#### Activity
Only one stretch of the data below should be repeated: the lines from the line containing "Gucci Men's Classic" through the line containing "COS Pleated Wool Mini Dress In Bright Green", inclusive, exactly as they are.

#### Records for processing
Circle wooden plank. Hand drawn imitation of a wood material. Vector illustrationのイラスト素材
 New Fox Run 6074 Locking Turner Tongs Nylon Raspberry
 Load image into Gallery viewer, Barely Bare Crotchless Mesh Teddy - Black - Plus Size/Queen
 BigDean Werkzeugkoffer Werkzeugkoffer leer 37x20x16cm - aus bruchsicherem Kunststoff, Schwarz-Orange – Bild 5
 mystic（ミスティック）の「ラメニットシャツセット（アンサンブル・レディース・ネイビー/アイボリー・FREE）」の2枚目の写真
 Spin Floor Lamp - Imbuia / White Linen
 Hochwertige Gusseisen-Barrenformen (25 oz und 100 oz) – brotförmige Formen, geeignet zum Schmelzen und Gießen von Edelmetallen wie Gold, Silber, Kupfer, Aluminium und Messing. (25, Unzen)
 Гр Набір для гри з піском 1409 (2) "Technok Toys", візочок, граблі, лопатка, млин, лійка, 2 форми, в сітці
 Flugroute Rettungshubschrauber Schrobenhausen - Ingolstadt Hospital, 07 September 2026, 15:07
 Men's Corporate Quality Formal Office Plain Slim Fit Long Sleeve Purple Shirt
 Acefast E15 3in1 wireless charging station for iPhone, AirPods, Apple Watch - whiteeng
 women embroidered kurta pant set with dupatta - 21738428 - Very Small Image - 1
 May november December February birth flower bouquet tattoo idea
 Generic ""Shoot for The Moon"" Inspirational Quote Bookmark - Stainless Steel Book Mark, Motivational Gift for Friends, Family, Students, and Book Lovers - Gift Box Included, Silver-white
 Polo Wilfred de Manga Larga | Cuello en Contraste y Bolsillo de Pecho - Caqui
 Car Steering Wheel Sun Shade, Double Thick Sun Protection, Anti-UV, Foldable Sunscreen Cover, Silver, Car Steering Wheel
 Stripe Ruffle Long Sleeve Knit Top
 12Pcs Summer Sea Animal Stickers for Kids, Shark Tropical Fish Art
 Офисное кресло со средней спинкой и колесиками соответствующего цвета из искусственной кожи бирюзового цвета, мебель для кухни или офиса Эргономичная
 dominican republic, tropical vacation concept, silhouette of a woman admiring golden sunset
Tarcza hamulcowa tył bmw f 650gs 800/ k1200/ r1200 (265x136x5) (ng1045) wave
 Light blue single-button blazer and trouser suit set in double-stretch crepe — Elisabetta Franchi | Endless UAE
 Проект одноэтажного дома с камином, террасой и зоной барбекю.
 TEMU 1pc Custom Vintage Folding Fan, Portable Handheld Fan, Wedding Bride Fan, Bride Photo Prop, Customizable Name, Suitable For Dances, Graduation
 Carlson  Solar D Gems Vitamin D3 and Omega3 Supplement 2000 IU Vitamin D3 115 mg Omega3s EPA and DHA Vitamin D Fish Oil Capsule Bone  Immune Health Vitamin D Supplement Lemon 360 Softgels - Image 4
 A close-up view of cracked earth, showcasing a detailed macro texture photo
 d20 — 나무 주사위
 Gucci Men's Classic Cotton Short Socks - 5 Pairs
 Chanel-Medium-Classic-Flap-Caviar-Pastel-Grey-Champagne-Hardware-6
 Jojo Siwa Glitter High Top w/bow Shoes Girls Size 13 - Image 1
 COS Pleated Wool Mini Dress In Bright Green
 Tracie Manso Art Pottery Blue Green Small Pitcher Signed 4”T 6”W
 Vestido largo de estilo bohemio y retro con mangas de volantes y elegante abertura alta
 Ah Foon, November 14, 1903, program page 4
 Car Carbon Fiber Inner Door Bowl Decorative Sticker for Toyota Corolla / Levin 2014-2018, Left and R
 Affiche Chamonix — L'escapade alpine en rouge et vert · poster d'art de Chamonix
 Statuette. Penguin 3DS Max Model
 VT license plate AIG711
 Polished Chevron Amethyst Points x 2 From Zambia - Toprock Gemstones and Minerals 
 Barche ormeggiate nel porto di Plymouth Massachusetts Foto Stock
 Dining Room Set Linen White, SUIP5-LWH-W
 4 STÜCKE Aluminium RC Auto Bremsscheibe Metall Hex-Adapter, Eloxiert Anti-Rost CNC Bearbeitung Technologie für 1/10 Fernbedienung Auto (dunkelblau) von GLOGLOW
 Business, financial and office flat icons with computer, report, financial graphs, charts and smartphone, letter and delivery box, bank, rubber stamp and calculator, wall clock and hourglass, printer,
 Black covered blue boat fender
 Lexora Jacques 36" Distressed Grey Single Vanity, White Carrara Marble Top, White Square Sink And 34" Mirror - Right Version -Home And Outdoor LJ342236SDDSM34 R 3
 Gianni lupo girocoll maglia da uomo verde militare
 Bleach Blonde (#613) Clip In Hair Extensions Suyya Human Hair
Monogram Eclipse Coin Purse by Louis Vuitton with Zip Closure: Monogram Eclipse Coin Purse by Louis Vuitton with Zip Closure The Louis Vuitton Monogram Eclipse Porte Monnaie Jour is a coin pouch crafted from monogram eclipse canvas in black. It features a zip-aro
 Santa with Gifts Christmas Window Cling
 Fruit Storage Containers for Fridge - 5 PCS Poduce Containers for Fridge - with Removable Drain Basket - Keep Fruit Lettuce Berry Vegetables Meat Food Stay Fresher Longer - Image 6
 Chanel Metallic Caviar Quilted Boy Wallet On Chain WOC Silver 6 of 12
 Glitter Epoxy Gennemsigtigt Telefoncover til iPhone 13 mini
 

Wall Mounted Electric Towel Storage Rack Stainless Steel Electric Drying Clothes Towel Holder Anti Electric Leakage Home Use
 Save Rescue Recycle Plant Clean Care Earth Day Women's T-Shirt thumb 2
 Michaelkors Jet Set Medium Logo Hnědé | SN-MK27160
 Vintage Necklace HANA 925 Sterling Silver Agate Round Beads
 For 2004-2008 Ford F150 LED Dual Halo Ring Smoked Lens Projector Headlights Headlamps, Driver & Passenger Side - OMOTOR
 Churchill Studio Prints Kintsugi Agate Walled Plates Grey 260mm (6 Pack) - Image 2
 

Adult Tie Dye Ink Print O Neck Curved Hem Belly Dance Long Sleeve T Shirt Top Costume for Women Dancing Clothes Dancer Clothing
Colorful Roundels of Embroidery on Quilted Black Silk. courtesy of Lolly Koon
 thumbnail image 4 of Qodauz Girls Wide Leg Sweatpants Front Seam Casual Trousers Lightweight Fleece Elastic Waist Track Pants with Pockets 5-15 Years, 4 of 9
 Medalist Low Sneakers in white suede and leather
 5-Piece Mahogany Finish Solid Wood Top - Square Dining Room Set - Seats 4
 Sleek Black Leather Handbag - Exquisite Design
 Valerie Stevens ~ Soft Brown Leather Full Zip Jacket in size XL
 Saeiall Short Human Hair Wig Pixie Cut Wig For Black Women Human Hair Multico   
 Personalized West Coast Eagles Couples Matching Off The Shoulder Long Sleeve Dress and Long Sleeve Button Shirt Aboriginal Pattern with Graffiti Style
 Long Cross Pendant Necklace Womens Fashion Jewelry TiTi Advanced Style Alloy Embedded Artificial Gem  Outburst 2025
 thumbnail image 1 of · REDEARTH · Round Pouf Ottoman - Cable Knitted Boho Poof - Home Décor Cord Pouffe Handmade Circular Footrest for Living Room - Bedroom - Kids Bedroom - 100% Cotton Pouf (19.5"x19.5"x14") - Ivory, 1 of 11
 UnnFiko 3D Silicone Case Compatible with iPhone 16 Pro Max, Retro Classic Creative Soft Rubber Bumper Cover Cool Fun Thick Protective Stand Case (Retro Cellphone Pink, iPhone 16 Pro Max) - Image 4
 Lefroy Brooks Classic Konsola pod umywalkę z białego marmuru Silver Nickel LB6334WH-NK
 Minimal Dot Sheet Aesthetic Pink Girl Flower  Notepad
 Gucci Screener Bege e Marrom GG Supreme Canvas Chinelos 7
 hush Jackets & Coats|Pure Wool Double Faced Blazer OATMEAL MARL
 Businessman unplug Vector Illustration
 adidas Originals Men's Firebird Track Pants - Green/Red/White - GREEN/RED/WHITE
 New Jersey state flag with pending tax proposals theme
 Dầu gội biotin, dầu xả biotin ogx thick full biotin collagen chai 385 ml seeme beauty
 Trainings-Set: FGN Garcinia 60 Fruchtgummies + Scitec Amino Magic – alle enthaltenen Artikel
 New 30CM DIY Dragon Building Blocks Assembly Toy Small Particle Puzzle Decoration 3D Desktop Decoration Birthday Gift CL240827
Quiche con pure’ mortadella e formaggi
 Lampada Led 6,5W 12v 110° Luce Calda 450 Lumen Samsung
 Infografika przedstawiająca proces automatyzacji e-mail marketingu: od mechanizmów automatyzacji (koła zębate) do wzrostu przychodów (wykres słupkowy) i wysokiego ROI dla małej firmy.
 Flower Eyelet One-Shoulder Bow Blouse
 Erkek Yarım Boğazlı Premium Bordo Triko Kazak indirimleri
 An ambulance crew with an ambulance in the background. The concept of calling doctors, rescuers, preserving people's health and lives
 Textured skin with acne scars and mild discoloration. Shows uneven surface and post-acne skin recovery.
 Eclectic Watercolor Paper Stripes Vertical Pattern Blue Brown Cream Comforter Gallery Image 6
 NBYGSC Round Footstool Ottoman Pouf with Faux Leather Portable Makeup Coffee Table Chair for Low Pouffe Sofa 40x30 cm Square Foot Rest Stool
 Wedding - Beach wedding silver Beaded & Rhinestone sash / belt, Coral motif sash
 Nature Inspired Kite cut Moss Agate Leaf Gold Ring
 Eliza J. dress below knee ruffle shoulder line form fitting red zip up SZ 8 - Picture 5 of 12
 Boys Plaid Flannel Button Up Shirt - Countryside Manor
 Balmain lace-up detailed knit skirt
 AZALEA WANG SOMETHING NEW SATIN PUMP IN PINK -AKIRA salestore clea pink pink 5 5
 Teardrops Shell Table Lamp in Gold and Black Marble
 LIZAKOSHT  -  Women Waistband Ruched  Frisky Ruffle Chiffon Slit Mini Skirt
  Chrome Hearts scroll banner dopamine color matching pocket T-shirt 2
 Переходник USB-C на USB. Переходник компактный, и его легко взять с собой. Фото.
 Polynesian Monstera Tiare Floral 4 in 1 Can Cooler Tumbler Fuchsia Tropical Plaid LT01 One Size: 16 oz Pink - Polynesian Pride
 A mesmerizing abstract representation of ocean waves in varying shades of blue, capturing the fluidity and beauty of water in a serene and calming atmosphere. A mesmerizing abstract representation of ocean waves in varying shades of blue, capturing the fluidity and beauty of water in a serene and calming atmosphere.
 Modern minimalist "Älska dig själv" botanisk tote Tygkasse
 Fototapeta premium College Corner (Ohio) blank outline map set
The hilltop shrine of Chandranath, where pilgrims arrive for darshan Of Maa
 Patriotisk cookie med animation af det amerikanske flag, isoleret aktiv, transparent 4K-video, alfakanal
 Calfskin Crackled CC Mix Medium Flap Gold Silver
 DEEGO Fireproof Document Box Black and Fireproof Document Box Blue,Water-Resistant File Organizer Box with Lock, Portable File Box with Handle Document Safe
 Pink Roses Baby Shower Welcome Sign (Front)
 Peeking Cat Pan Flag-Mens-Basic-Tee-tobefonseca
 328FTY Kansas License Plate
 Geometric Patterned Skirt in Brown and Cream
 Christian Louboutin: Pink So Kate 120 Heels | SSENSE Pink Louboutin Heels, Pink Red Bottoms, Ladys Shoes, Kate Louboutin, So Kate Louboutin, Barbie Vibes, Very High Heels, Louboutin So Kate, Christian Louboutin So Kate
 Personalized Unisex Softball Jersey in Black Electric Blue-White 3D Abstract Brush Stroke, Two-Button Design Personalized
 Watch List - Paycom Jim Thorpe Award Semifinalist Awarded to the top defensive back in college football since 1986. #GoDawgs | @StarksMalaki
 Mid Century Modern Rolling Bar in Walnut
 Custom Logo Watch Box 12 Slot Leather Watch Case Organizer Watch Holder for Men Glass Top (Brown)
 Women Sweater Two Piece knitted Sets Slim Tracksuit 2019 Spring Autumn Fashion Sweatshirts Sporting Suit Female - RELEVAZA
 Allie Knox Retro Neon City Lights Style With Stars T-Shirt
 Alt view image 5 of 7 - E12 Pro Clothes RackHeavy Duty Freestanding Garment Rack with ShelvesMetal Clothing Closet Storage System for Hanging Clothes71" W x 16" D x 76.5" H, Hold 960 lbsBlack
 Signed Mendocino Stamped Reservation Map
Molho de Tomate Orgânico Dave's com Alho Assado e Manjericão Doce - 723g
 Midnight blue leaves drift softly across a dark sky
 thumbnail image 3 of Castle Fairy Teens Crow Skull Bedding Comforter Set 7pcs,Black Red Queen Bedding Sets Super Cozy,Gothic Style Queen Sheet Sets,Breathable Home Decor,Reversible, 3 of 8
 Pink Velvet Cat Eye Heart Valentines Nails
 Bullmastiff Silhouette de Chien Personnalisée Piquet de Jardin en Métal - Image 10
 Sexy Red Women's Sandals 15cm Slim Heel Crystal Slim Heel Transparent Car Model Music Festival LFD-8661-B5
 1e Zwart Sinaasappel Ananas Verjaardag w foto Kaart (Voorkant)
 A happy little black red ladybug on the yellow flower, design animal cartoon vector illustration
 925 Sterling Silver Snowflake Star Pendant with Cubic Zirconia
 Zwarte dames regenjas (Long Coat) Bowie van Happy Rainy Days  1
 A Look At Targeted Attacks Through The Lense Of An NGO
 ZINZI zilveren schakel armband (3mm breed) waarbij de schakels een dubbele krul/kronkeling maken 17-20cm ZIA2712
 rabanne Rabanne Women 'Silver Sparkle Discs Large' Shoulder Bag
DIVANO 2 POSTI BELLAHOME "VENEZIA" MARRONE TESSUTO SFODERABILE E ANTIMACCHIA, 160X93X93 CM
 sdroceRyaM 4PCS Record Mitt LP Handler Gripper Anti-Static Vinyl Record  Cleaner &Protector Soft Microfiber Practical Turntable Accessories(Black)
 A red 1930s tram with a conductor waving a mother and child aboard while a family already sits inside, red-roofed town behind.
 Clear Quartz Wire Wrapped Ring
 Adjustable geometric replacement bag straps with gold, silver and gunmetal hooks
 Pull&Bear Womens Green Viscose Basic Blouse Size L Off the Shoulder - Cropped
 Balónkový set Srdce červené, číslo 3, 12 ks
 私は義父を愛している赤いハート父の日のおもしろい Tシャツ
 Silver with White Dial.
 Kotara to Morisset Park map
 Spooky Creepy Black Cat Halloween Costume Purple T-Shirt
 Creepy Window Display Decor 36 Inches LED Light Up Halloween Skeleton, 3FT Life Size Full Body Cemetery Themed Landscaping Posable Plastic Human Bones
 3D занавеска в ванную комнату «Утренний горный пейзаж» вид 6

#### Solution to this exercise
 Gucci Men's Classic Cotton Short Socks - 5 Pairs
 Chanel-Medium-Classic-Flap-Caviar-Pastel-Grey-Champagne-Hardware-6
 Jojo Siwa Glitter High Top w/bow Shoes Girls Size 13 - Image 1
 COS Pleated Wool Mini Dress In Bright Green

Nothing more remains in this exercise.